The integral of a function f(x) is denoted in the form ∫ f(x) dx. f(x) dx is the area of an infinitessimally thin rectangle under the graph at a point x, and the symbol ∫ (archaic S) denotes that the areas of a continuous series of these rectangles are to be summed.

Imagine that the function to be integrated is the derivative of another function y(x); in other words, dy/dx. The area of each rectangle would therefore be (dy/dx)dx, or dy. Summing them gives y. Differentiation and integration are therefore mutually inverse processes.

Because parallel lines have the same gradient, an integral will have an infinite number of results. A constant, denoted by c, is therefore added to the result. To find the value of the constant, insert the values of the variables for a known point.

The constant is not needed in the case of a definite integral, which shows the values of x between which the function is to be integrated (An integral that omits those values is an indefinite integral). A definite integral is written in the form ∫_{a}^{b} f(x) dx, where a is the lower value (a and b should be in line). On an x-y graph where y is the integral, the difference between the values of y corresponding to two values of x is fixed, regardless of the position of the line along the y-axis.

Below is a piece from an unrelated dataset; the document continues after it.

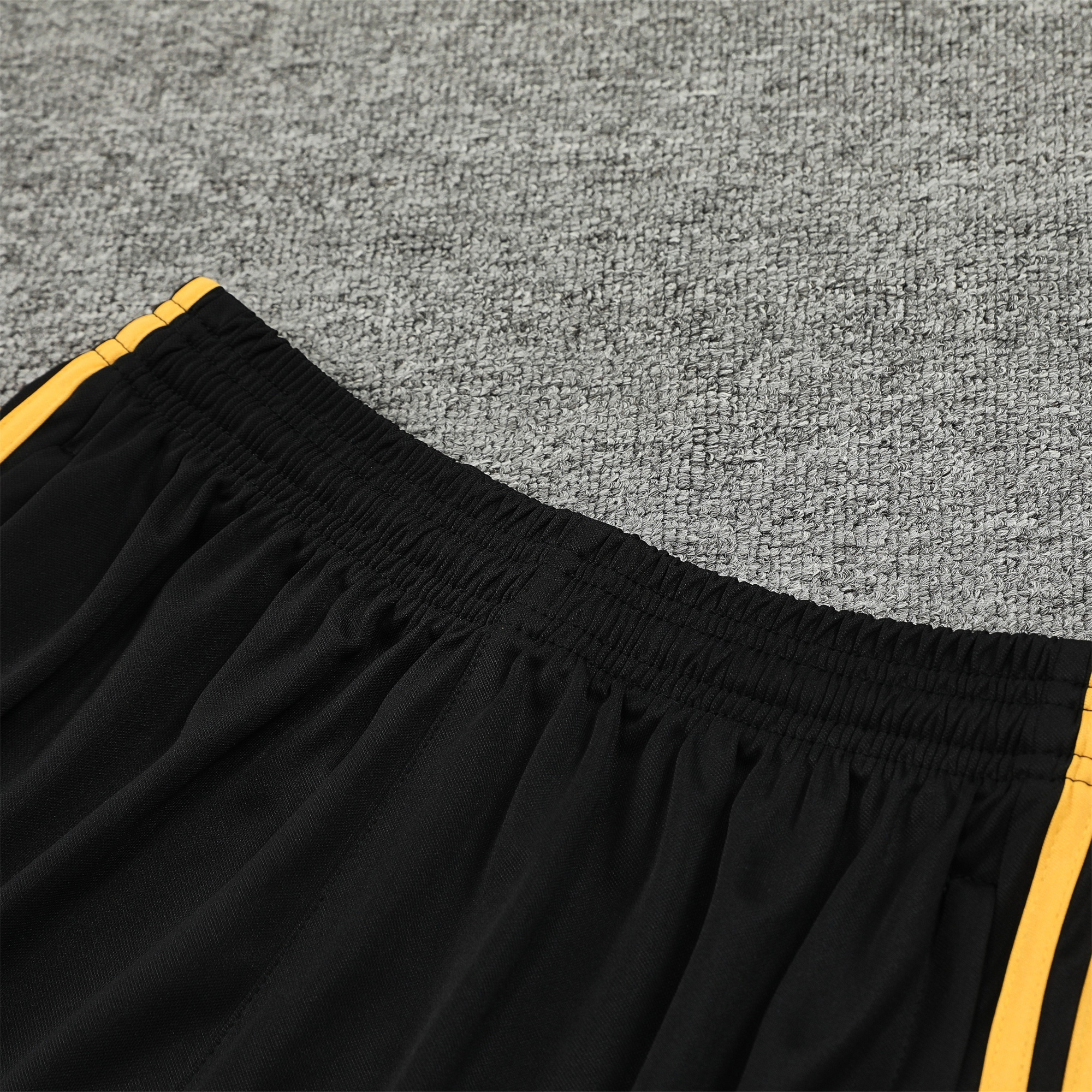 Higojerseys-Real Madrid 24-25 Vest Training Set - Green & Black Leopard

The First Principles method can also be used for integration. Consider a rectangle under the graph between x and x+h. If the areas under the graph to these points, from x=0, are given by A(x) and A(x+h) respectively, the area of the rectangle can be expressed as either A(x+h)-A(x) or hy(x), where y(x) is the function to be integrated. Therefore, {A(x+h)-A(x)}/h=y(x).

The product of two functions can be integrated using the Integration By Parts method, the inverse of the Product Rule. If the functions are u and dv/dx, then ∫u(dv/dx)dx=uv-∫v(du/dx)dx. Note that dv/dx needs to be integrated to obtain v.

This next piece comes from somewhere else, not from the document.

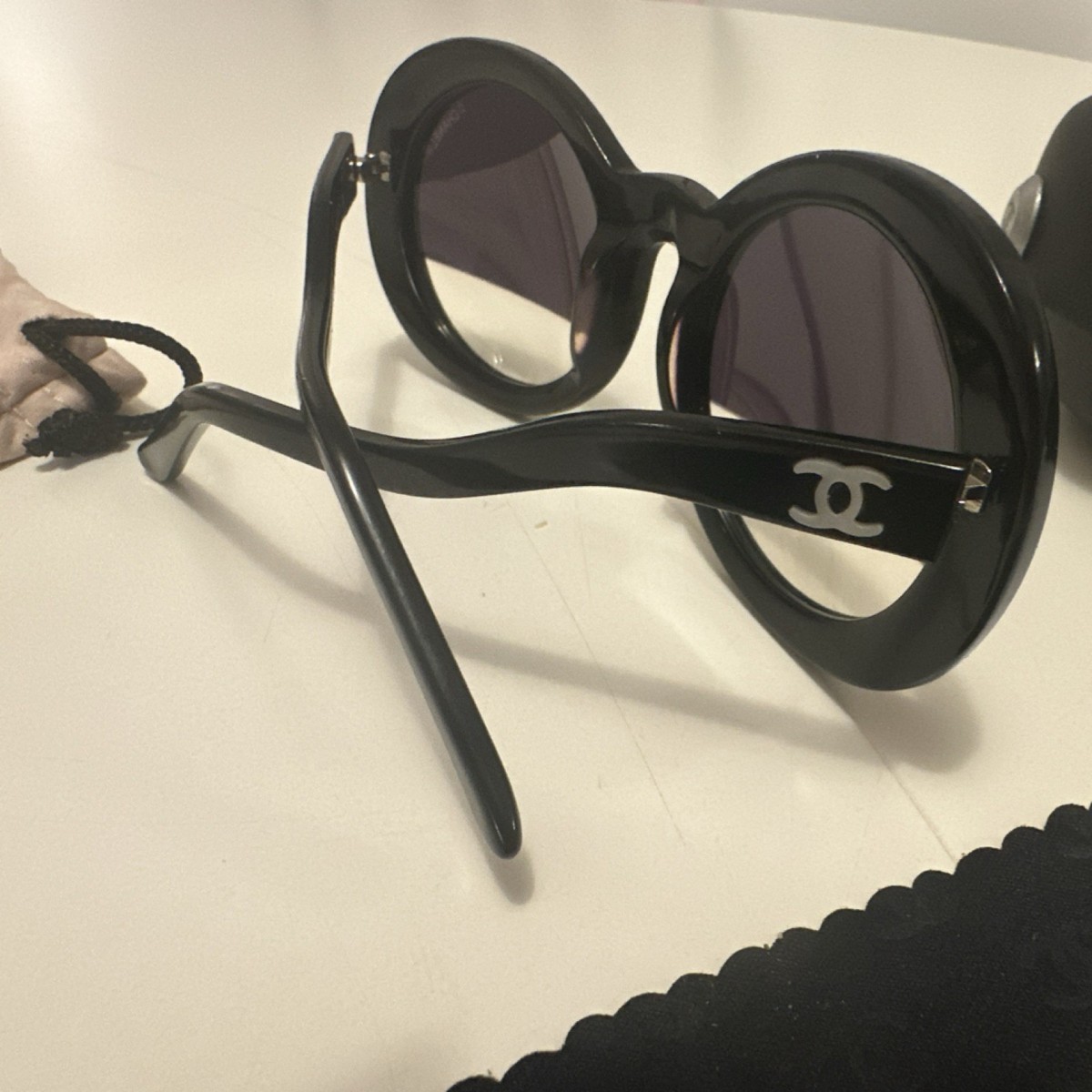 CHANEL SS018 Round Black Designer Women display picture 1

The function u should be one where x disappears on differentiation, for example a power of x. v(du/dx) should then be a single function of x. If it is a compound, repeat the process on this part of the formula until only a single function remains to be integrated.

Integration By Parts can be used to integrate inverse functions. Simply introduce 1 as a new factor; that then becomes the factor to be integrated.

If the function to be integrated is complex, it can be simplified by introducing a new variable t, where t=f(x). dt is inserted in place of (dt/dx)dx, and the function integrated. Remember to re-introduce x.